DATA UNDER STUDY:
----------
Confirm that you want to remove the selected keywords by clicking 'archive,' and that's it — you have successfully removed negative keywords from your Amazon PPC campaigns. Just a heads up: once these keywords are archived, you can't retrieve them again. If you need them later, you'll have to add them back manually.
----------
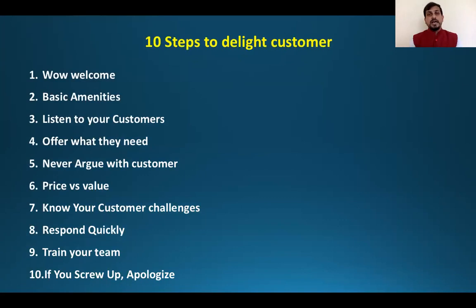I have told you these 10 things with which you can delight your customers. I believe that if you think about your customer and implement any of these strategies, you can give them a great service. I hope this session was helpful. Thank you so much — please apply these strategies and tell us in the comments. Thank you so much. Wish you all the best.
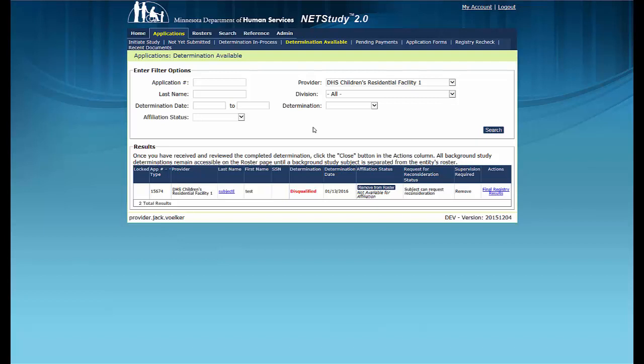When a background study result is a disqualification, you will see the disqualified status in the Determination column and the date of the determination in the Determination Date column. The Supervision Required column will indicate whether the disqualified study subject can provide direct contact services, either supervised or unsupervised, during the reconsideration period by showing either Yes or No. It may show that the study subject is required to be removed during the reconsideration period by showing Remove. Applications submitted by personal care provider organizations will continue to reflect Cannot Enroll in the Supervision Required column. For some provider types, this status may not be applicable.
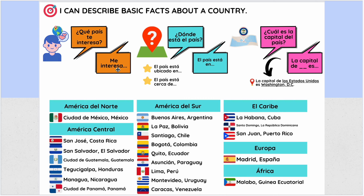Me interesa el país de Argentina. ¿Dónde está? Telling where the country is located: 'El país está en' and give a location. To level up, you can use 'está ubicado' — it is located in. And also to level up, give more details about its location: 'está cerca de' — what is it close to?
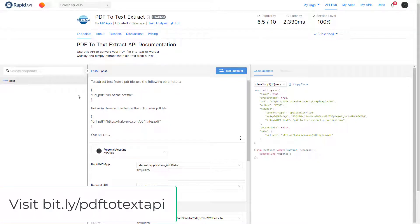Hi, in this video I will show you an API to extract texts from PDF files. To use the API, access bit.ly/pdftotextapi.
----------
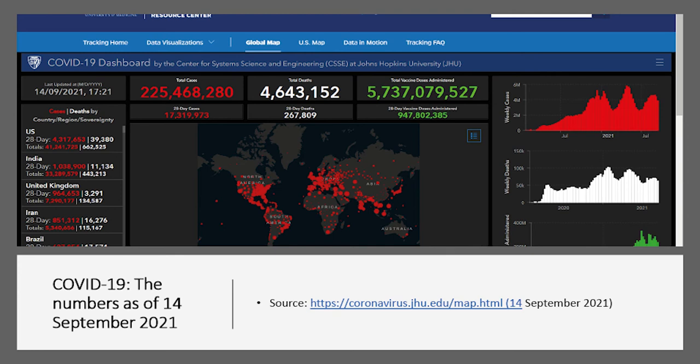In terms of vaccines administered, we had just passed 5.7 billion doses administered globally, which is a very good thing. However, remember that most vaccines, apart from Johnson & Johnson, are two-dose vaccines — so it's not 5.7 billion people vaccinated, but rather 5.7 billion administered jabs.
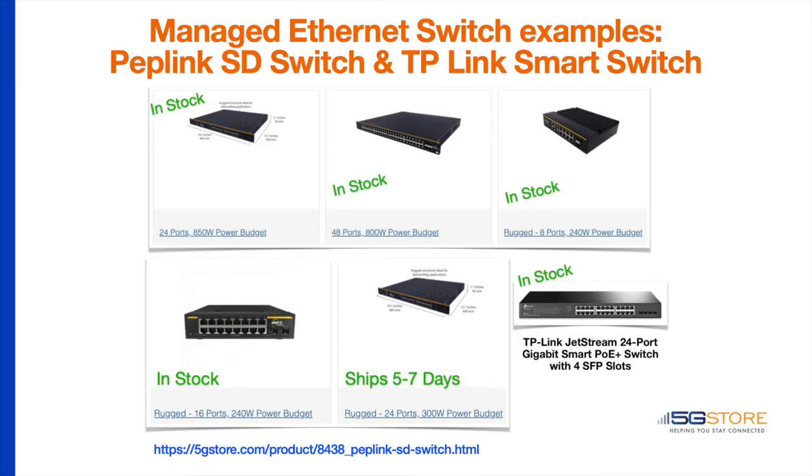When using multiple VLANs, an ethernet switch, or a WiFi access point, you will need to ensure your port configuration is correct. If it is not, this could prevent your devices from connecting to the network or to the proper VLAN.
----------
TASK STATEMENT: The lines to set down run from the line with "I have told" up to and including the line with "When a background" in the entries above. Reproduce them exactly, with no pictures.

SOLUTION TO THIS EXERCISE:
I have told you these 10 things with which you can delight your customers. I believe that if you think about your customer and implement any of these strategies, you can give them a great service. I hope this session was helpful. Thank you so much — please apply these strategies and tell us in the comments. Thank you so much. Wish you all the best.
When a background study result is a disqualification, you will see the disqualified status in the Determination column and the date of the determination in the Determination Date column. The Supervision Required column will indicate whether the disqualified study subject can provide direct contact services, either supervised or unsupervised, during the reconsideration period by showing either Yes or No. It may show that the study subject is required to be removed during the reconsideration period by showing Remove. Applications submitted by personal care provider organizations will continue to reflect Cannot Enroll in the Supervision Required column. For some provider types, this status may not be applicable.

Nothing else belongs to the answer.